2012 Finalists: Nonfiction for Tweens & Teens

“In the end, this is a difficult story to sum up. The making of the atomic bomb is one of history’s most amazing examples of teamwork and genius and poise under pressure. But it’s also the story of how humans created a weapon capable of wiping our species off the planet. It’s a story with no end in sight” (Sheinkin 236).

It is something we all learn about in school—the atomic bomb. We know how it ends—the United States and the Allies create the first atomic bomb. What Sheinkin’s Bomb does is show that it was a three-way race to succeed: 1) the Germans are racing to build it first, 2) the Americans are trying to succeed first, and 3) the Soviets are trying to steal the Americans’ plans. It is a book about a story we thought we knew, but we end up learning so much more than we could ever expect.

Sheinkin, who once said he writes interesting historical narratives to atone for his previous job of writing history textbooks, has done an amazing job bringing this book to life. It dips, twists, and races towards the end. Well-documented sources, intriguing photographs and an index all lend support to this well-written and engaging work.

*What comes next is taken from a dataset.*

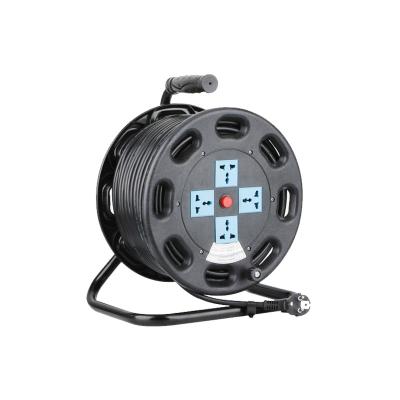 China Home Appliance Mini Retractable 240V 4 Ways Sockets Extension Cord Reel Electrical Cable Reel for sale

— Stephanie Charlefour, Love, Life, Read

Last Airlift: A Vietnamese Orphan’s Rescue from War

by Marsha Skrypuch
Pajama Press

Nominated by: Darshana Khiani

Over 2000 children were orphaned because of the Vietnam War. Last Airlift describes
the last Canadian airlift operation from Saigon in 1975 through the eyes of one orphan,
Son Thi Anh Tuyet, who was eight years old and suffered from polio. For Tuyet, leaving
Vietnam meant a promise of a new life in a new country.

Tuyet’s journey by airplane from Saigon to Toronto, Canada is gripping. Readers,
especially those for whom English is a second language, will cheer for this young girl as
she and her new family struggle to communicate despite the language barrier. Historic
black-and-white photographs, including some of Tuyet as a young child and adult, make
this a moving refugee story.

— Louise Capizzo, The NonFiction Detectives

Moonbird: A Year on the Wind with the Great Survivor B95

by Phillip Hoose
Farrar, Straus & Giroux

Nominated by: Amy @ Hope Is the Word

 

Temple Grandin: How the Girl Who Loved Cows Embraced Autism and Changed the World

by Sy Montgomery
Houghton Mifflin Books for Children

Nominated by: Paul W. Hankins

Temple Grandin’s biography isn’t just the story of her success in helping the animals we depend upon for food. It is a walk in her shoes, growing up fiercely stubborn and autistic in a family where her own father demanded that she be committed to a mental institution. Her mother refused, and spent Temple’s childhood locating help, from an experienced nanny to the small private schools where Temple found her passions and creativity could bring her lifelong friends, some of whom joined her in her memorable pranks. Her autistic behaviors and outwardly odd choices, though, drew cruel remarks from other students, and sometimes the attention of bullies as well. She found comfort with the horses at her boarding school and the cattle at her aunt’s Arizona ranch.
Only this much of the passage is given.